*Information provided*
--------------------------------
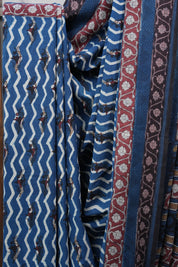 Blue HBP Slub Cotton Saree - SRBSCS2723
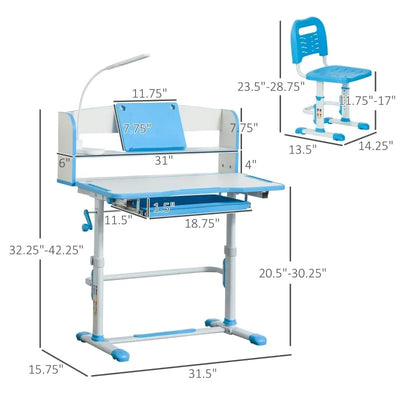 Qaba Kids Desk and Chair Set Height Adjustable Student Writing Desk Children School Study Table with LED Lamp, Bookshelf, Drawer, Reading Board, Pen Slot, Hook, Blue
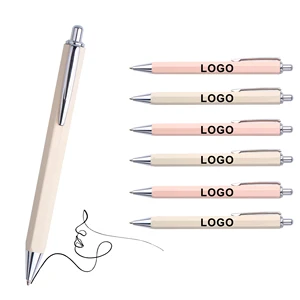 Wholesale Metal Hexagonal Click Ballpoint Pen With Custom Logo Printed Business for Office Stationery Gift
--------------------------------
*What to work on*
Restate the material above word for word; pictures do not belong in the copy.

*Task output*
 Blue HBP Slub Cotton Saree - SRBSCS2723
 Qaba Kids Desk and Chair Set Height Adjustable Student Writing Desk Children School Study Table with LED Lamp, Bookshelf, Drawer, Reading Board, Pen Slot, Hook, Blue
 Wholesale Metal Hexagonal Click Ballpoint Pen With Custom Logo Printed Business for Office Stationery Gift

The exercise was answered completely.